Un jour j'ai créé ce site. En cela j'ai mis en œuvre ma puissance, ma capacité d'agir. Elle est infinie mais limitée. Autant que faire ce peut j'évite de mettre en œuvre mon pouvoir, qui est illimité mais fini. En tant qu'être social je tends à déléguer mon pouvoir, cela pour augmenter ma puissance. Mais parfois ça ne fonctionne pas comme je l'escompte. Dans ces cas-là, le mieux est de reprendre mon pouvoir, aussi peu gratifiant cela soit-il.


Que souhaite un peuple qui vit sous occupation étrangère ? Que ça dure le plus longtemps possible. Preuve en est, les Gaulois subirent l'occupation des armées romaines et n'en furent “libérés” que par l'arrivée de l'occupant germanique. Depuis, ils acceptent cette domination. Il y eut bien quelques tentatives au cours des temps pour changer les choses, mais toujours par une minorité, et souvent venue d'ailleurs, des Gaulois libres qui firent leur possible pour libérer leur peuple. Et savez-vous ? Ledit peuple ne les aida pas et pour une forte minorité soutint l'occupant les armes à la main. C'est ainsi. Et il en va de même partout dans le monde. La cause en est simple : qui tient le pouvoir contrôle les communications, qui contrôle les communications maîtrise les ressources de la société et l'information. Rien de nouveau ici, voir entre autres le Discours de la servitude volontaire, spécialement le chapitre 9 :

Le grand Turc s'est bien aperçu que les libres et la saine doctrine inspirent plus que toute autre chose, aux hommes, le sentiment de leur dignité et la haine de la tyrannie. Aussi, ai-je lu que, dans le pays qu'il gouverne, il n'est guère plus de savants qu'il n'en veut.

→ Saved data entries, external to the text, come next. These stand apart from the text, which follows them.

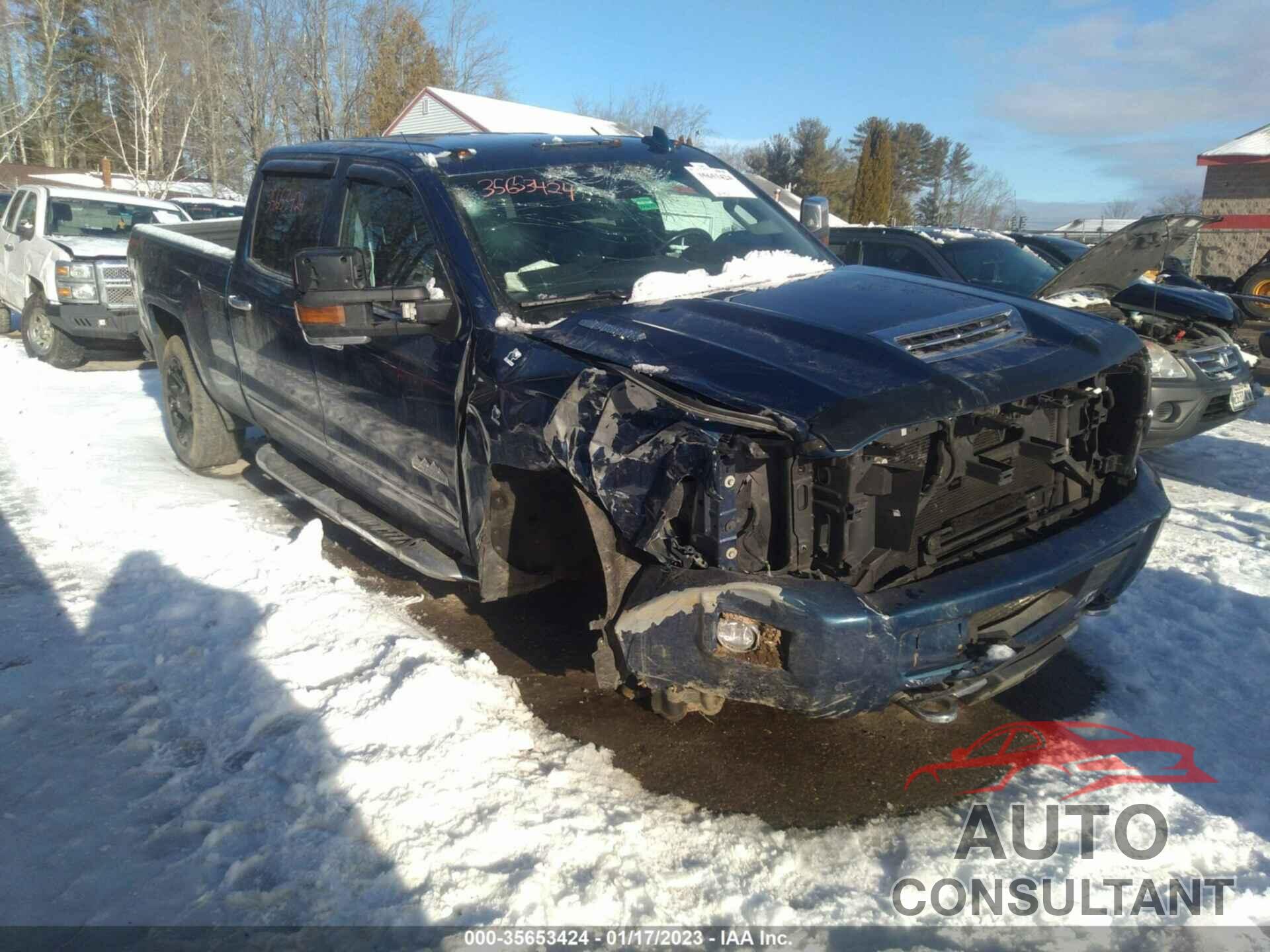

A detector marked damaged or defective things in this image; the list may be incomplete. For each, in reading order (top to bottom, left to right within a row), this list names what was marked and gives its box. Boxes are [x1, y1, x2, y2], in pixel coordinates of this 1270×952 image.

crumpled hood [47, 239, 128, 262]
cracked windshield [446, 157, 833, 305]
crumpled hood [1031, 214, 1219, 299]
damaged blue pickup truck [128, 132, 1168, 721]
crumpled hood [530, 265, 1148, 452]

Et partout ailleurs, pour si grand que soit le nombre des fidèles à la liberté, leur zèle et l'affection qu'ils lui portent restent sans effet, parce qu'ils ne savent s'entendre.
[...]
La première raison pour laquelle les hommes servent volontairement, c'est qu'ils naissent serfs et qu'ils sont élevés dans la servitude.

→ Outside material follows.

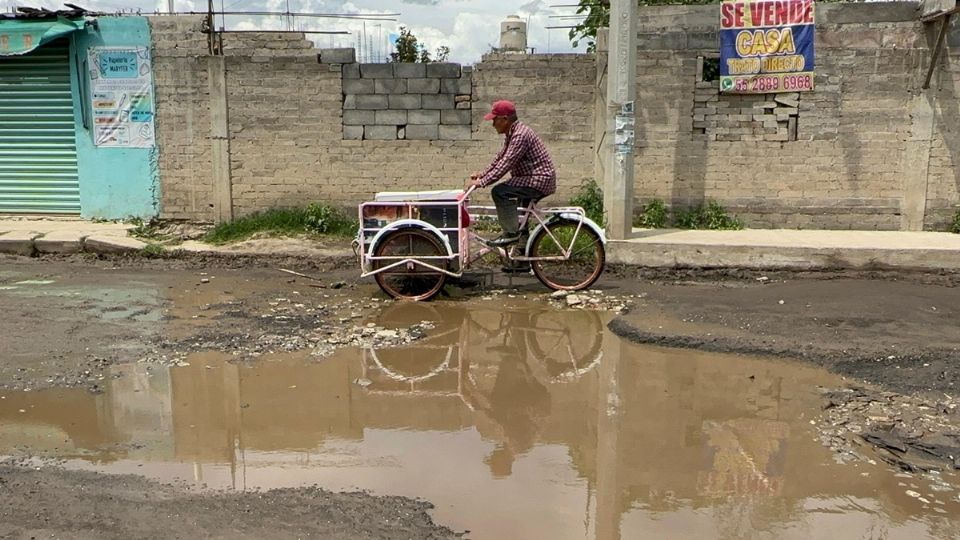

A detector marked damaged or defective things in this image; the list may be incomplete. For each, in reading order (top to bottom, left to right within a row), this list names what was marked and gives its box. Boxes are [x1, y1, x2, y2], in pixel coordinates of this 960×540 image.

muddy pothole puddle [1, 302, 960, 536] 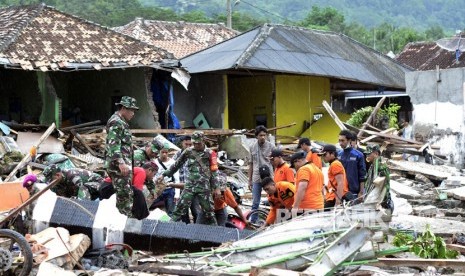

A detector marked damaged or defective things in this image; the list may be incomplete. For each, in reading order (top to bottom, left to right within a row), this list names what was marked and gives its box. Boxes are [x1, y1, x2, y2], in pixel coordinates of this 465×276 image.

Lisant ce texte, et notamment le chapitre que j'indique, peut-être vous arrêterez-vous aux passages qui semblent douteux, ce en quoi vous aurez tort, La Boétie écrit en son siècle et à son âge, fort jeune, importe ce qui passe les siècles, « diviser pour régner ». Cela dit et comme le relève abondamment Machiavel dans Le Prince, diviser n'est pas le moyen le plus sûr pour régner, le contexte importe : dans un État en paix ça peut être le moyen adapté, en cas de troubles intérieurs ou de menace extérieure cette division devient désunion et dans le premier cas voit se former des factions, dans le second ne permet pas de fédérer les membres de la société pour résister à la menace. Soit dit en passant, La Boétie fut à coup sûr lecteur de Machiavel ou de ses relais, et en tout cas de ses sources.

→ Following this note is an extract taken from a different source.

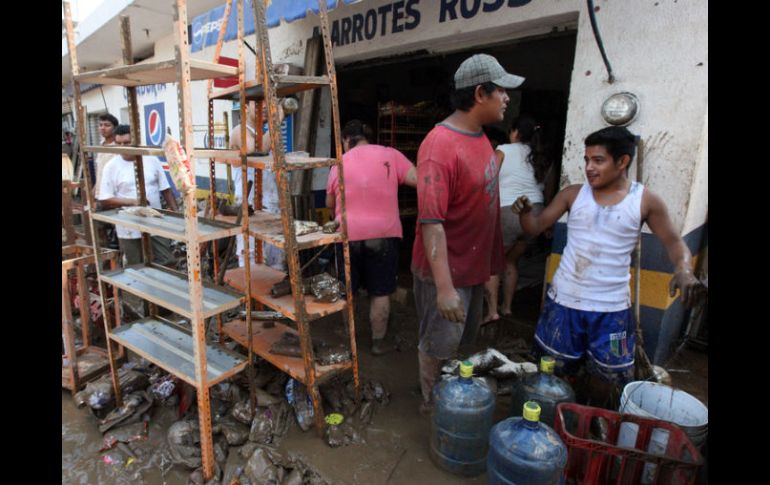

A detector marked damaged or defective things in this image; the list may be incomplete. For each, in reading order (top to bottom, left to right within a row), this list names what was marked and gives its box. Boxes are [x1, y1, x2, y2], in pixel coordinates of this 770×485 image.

Excursus : l'auteur n'est pas son œuvre.

La mention de Machiavel et de son œuvre la plus connue a motivé cet excursus. On attribue à cet auteur une pensée politique qui ne semble pas la sienne, dans Le Prince il décrit des situations et des modes possibles de régulation sociale mais n'en privilégie pas, les seuls conseils positifs qu'il donne sont d'ordre très général. Entre autres choses on lui prête la maxime « Diviser pour mieux régner », dont il n'est pas l'auteur, alors même que dans son ouvrage il fait le constat mentionné plus haut, dans certaines circonstances diviser peut être un mode de gouvernement efficace mais de deux manières différentes, répartir le pouvoir, le déléguer à des entités secondaires, ou contrôler et séparer ces entités depuis le centre. En bon analyste, Machiavel ne pouvait de toute manière pas supposer qu'un mode vaut plus que les autres puisque tous ont fait la preuve de leurs limites : dans une circonstance donnée tel mode peut apparaître adapté ou favorable mais les circonstances changeant il se révélera inadapté, défavorable. Très nettement, on attribue à Machiavel des affirmations et des prises de position qui ne figurent pas dans son texte, chaque commentateur y piochant ce qui lui semble confirmer sa propre idéologie et négligeant le reste.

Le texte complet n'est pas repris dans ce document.